In the listing below, locate the line containing "redox experiment lab report" and copy it and every line after it through the end, exactly as written, leaving out any pictures.

** Dataset extract **
:::::

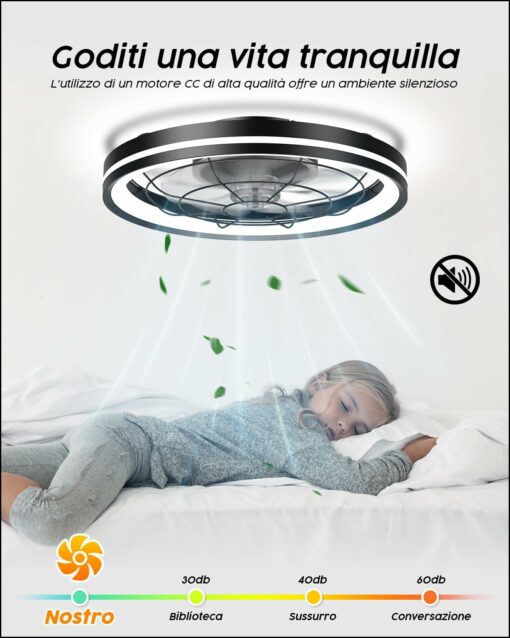 Airwit 48cm Ventilatore da Soffitto Silenzioso con Luce e Telecomando, Dimmerabile Lampada Ventilatore da Soffitto Moderno con Reversibile Motore DC, Lampadario Ventilatore per Camera da Letto, Cucina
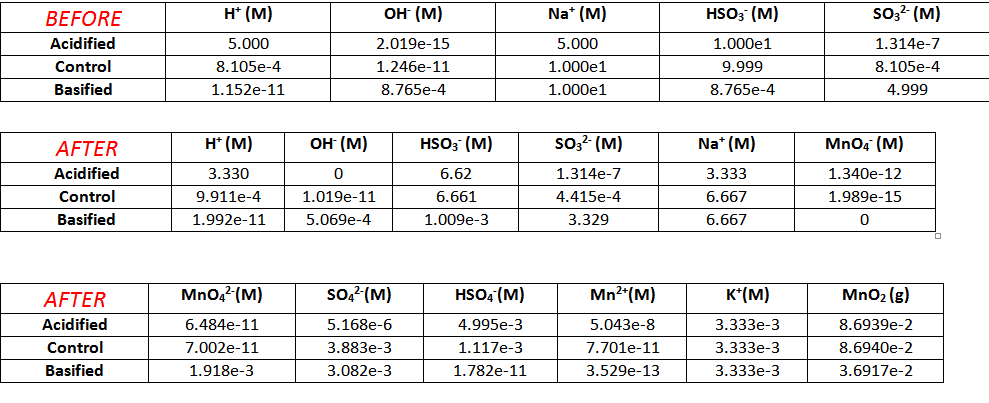 redox experiment lab report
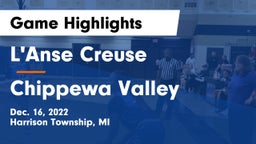 L'Anse Creuse  vs Chippewa Valley  Game Highlights - Dec. 16, 2022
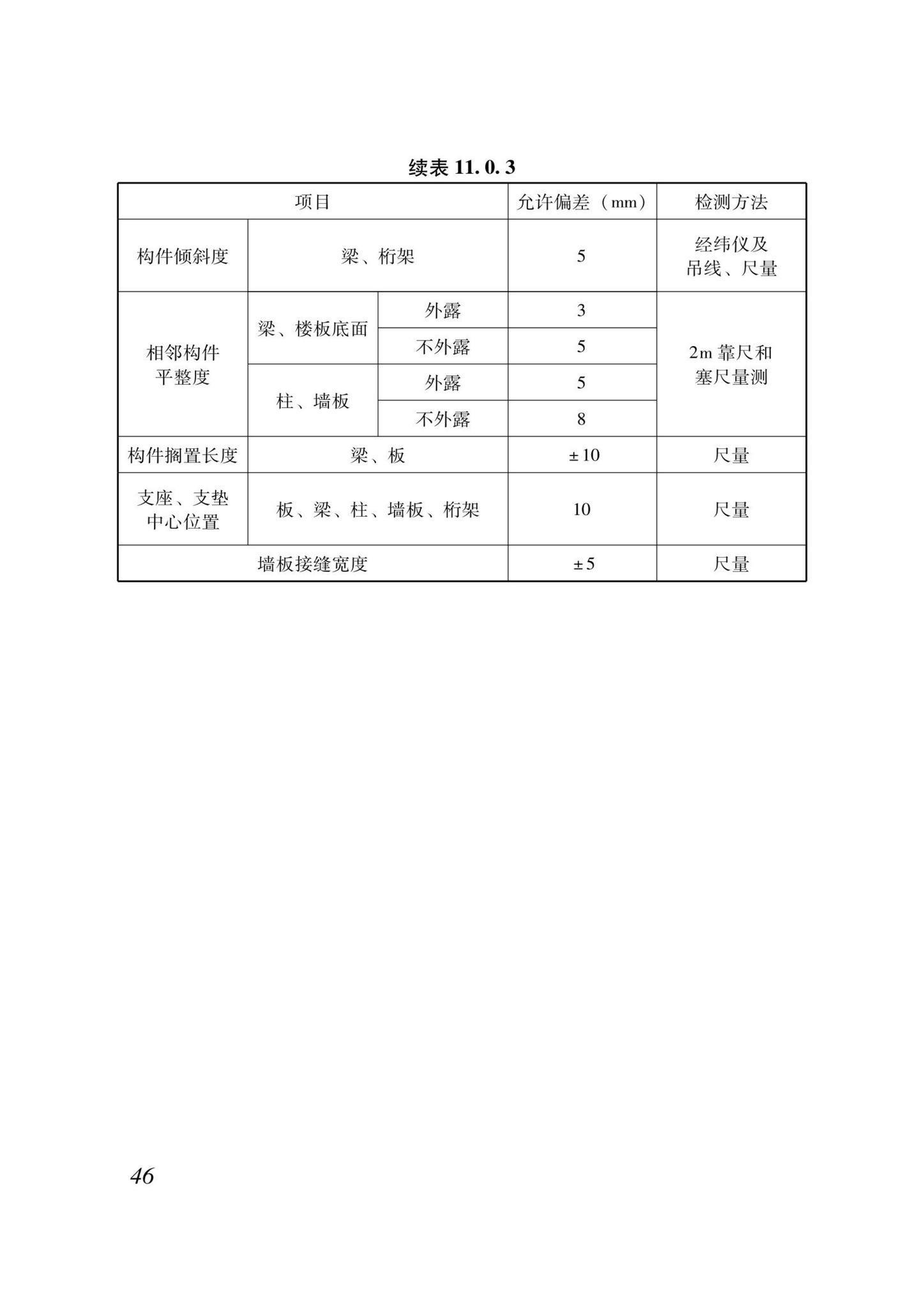 DB37/T5000.1-2023--建设工程优质结构评价标准第一部分：房屋建筑工程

:::::

** The completed task **
 redox experiment lab report
 L'Anse Creuse  vs Chippewa Valley  Game Highlights - Dec. 16, 2022
 DB37/T5000.1-2023--建设工程优质结构评价标准第一部分：房屋建筑工程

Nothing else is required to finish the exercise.